Le temps reste indéfini (« un jour », v. 2) comme cela est le cas dans le conte. L'errance se fait aussi bien dans l'espace que dans le temps. Le développement narratif est immédiatement arrêté par l'apparition de Vénus. Le poème est construit sur une opposition entre le passé heureux et un présent douloureux, comme si un fossé les séparait.

Élégie

L'élégie est un genre exprimant la tristesse devant le deuil et l'exil. On retrouve donc dans ce poème toutes les dimensions de l'élégie, qui évoque aussi bien le deuil (la perte d'un être cher) que l'exil (l'éloignement et la perte des repères de l'existence).
La tonalité du poème est élégiaque (interjection « Hélas! ») dans la troisième strophe qui nous donne la raison de la détresse du poète. La raison est la mort de « celle que tant aimait ».

Enjambement

Le dialogue entre le poète et la déesse est d'ailleurs traduit de manière très naturelle, grâce aux enjambements (v 5 et v 10) qui confèrent un ton simple et naturel au dialogue.

Espoir

C'était « l'espoir » qui « guidait » le poète. L'imparfait démarque clairement le passé du présent. « Pièça » (autrefois) la vie du poète avait un sens puisque l'amour le guidait, ce n'est plus le cas aujourd'hui puisqu'il est désormais dépossédé (« m'en ôta », v. 14, « m'a tollu », v. 21) ce qui est le propre de l'endeuillé comme de l'exilé.

Exil

La forêt représente la situation de l'exil. ». Ce vers d'ailleurs permet s'associer la forêt à la situation d'exil dans lequel le poète est depuis sa capture par les anglais, mais le temps reste vague : « longtemps a ». Cet exil se vit aussi dans le temps. L'imparfait introduit donc la distance d'un passé révolu, où le poète était accompagné par sa bien-aimée « en son vivant » (v. 24).

Forêt

La forêt n'est pas ici une forêt en particulier, renvoyant à un lieu précis, désignée au vers 6 par le mot « bois.  C'est une forêt qualifiée par l'expansion « d'Ennuyeuse tristesse » ce qui lui donne une dimension abstraite, conformément à la poésie courtoise.
La forêt est une métaphore de la vie. Au Moyen Âge, la forêt est partout présente, elle est le lieu que l'on traverse pour voyager, à pied ou à cheval, le lieu où l'on chasse, mais aussi le lieu où l'on se perd (elle est souvent une sorte de labyrinthe, thème cher à la littérature médiévale) ou bien un lieu suscitant des apparitions merveilleuses.

Fortune

La Fortune, c'est la chance, le destin. Vénus dit que le poète était fait pour le bonheur « en voie de tout plaisir » (v. 12), mais que le sort lui a été contraire « ne sait qui l'en ôta ». Cette contrariété de la Fortune est bien le malheur de la vie de Charles d'Orléans, qui subit un exil qu'il n'a pas voulu. 

Mort

L'allégorie de la Mort est mise en valeur par l'accent sur la quatrième syllabe  "C'est /par/ la/ Mort/...." C'est la mort qui est venue chercher la femme aimée. Sa cruauté est traduite par le mot « rudesse » placé à la rime. Ce deuil correspond-il à un événement réel ? Il est permis de n'y voir que la reprise d'un lieu commun de la poésie courtoise, qui exprime avant tout le chagrin du du poète.

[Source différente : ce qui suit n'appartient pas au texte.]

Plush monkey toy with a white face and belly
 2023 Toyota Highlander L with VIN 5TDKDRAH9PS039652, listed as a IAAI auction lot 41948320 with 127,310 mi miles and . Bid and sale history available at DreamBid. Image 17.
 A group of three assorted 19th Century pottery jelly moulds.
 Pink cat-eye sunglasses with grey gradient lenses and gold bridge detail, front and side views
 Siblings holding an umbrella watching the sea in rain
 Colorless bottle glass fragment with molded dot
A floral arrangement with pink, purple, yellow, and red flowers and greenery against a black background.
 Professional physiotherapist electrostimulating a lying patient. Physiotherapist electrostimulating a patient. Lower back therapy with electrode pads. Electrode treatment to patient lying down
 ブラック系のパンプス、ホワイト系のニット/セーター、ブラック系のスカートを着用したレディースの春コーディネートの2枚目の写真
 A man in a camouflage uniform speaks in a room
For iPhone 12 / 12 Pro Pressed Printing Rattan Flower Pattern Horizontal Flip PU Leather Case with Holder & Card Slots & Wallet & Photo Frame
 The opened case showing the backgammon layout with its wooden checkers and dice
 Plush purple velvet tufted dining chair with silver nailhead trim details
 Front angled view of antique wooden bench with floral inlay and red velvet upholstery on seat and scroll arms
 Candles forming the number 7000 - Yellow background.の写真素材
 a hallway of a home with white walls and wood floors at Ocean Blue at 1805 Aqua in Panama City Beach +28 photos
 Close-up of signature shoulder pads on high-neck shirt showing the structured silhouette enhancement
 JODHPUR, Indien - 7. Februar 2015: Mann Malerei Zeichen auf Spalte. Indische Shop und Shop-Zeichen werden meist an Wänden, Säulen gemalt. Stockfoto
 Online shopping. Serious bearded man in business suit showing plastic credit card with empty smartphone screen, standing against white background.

Questions sur François Villon (pour la prochaine fois)
François Villon a-t-il rencontré Charles d’Orléans ?
Est-il du même milieu social que lui ?
Quels ennuis a-t-il eu avec la justice ?
Quelles sont ses œuvres principales ?
Quelles sont les formes poétiques qu’il a pratiquées ?
Pourquoi peut-on dire que sa poésie est satirique ?
Pourquoi peut-on considérer qu’il est le premier « poète maudit » ?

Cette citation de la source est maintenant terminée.